▸ Exercise details
Search the material below for the string "example" and copy each line where it appears.
□ □ □
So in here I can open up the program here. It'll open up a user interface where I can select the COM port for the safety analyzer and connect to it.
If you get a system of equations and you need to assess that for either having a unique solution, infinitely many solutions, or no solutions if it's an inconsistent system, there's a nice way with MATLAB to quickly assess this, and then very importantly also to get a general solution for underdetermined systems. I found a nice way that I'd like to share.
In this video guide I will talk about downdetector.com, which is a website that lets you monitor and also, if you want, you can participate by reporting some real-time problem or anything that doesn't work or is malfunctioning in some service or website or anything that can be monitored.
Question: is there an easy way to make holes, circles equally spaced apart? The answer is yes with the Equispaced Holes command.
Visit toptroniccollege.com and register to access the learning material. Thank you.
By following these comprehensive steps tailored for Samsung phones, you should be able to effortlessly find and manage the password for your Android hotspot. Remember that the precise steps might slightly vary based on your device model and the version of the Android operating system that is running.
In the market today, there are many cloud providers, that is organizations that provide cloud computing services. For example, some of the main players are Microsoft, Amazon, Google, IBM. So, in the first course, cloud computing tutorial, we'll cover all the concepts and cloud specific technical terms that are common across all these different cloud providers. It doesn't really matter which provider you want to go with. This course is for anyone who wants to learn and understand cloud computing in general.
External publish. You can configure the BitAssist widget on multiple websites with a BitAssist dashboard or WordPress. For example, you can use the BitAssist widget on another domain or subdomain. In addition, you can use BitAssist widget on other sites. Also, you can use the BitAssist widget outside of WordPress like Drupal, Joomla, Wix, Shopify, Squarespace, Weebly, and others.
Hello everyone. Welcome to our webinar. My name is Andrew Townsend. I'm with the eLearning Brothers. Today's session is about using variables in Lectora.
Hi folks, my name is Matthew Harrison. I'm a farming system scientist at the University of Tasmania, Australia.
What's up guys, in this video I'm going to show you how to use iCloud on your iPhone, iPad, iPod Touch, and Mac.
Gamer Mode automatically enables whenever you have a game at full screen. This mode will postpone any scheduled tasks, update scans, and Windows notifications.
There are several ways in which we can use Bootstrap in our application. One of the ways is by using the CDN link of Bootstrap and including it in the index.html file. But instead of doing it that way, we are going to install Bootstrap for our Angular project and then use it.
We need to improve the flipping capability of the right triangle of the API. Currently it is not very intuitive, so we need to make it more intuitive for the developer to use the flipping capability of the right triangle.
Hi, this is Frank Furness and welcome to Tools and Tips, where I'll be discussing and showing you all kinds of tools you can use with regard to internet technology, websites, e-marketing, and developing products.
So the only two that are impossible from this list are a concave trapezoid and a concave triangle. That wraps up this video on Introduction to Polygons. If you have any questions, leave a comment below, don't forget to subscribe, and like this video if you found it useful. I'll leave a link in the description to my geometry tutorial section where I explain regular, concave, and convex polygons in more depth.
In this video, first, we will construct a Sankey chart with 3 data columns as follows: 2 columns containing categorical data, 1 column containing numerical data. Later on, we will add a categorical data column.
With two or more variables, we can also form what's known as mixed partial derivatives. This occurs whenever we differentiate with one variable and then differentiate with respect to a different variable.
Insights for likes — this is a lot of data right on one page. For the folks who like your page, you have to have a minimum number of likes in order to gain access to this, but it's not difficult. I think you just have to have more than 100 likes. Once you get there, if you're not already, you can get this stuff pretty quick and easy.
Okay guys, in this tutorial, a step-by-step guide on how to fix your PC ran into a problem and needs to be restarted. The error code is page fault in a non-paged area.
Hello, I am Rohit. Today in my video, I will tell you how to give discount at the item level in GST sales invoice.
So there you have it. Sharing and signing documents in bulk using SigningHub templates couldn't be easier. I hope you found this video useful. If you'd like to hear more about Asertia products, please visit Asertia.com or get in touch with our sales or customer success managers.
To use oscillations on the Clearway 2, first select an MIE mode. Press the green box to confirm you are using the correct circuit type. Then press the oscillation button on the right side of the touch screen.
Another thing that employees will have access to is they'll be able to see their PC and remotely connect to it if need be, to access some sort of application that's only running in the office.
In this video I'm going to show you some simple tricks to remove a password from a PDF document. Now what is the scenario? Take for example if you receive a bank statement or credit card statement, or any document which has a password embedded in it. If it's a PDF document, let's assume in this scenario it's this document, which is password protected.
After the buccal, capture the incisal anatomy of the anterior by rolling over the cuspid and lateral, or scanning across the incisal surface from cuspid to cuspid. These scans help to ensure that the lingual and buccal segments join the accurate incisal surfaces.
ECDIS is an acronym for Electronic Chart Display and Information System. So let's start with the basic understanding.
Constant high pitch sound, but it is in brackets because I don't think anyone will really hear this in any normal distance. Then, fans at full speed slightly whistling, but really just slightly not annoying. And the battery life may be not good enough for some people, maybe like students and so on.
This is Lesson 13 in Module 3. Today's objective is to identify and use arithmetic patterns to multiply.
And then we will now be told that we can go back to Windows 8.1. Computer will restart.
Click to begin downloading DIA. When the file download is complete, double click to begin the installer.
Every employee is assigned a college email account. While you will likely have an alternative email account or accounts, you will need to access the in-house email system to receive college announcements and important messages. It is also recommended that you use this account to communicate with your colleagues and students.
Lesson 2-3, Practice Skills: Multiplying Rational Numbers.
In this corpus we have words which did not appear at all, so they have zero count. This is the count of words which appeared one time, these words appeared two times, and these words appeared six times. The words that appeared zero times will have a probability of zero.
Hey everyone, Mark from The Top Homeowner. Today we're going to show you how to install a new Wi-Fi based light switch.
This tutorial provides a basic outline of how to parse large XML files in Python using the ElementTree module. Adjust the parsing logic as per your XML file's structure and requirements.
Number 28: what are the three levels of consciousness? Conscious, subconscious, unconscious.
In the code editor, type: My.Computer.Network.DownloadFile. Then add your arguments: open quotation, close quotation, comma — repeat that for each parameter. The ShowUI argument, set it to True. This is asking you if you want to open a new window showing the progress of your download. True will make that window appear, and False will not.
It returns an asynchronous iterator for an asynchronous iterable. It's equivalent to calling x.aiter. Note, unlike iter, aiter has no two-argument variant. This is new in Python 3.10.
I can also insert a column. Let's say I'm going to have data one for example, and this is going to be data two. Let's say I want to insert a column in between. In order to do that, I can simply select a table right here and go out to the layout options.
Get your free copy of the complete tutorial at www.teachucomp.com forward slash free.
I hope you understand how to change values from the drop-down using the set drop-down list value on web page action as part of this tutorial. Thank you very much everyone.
□ □ □
▸ Response box
In the market today, there are many cloud providers, that is organizations that provide cloud computing services. For example, some of the main players are Microsoft, Amazon, Google, IBM. So, in the first course, cloud computing tutorial, we'll cover all the concepts and cloud specific technical terms that are common across all these different cloud providers. It doesn't really matter which provider you want to go with. This course is for anyone who wants to learn and understand cloud computing in general.
External publish. You can configure the BitAssist widget on multiple websites with a BitAssist dashboard or WordPress. For example, you can use the BitAssist widget on another domain or subdomain. In addition, you can use BitAssist widget on other sites. Also, you can use the BitAssist widget outside of WordPress like Drupal, Joomla, Wix, Shopify, Squarespace, Weebly, and others.
In this video I'm going to show you some simple tricks to remove a password from a PDF document. Now what is the scenario? Take for example if you receive a bank statement or credit card statement, or any document which has a password embedded in it. If it's a PDF document, let's assume in this scenario it's this document, which is password protected.
I can also insert a column. Let's say I'm going to have data one for example, and this is going to be data two. Let's say I want to insert a column in between. In order to do that, I can simply select a table right here and go out to the layout options.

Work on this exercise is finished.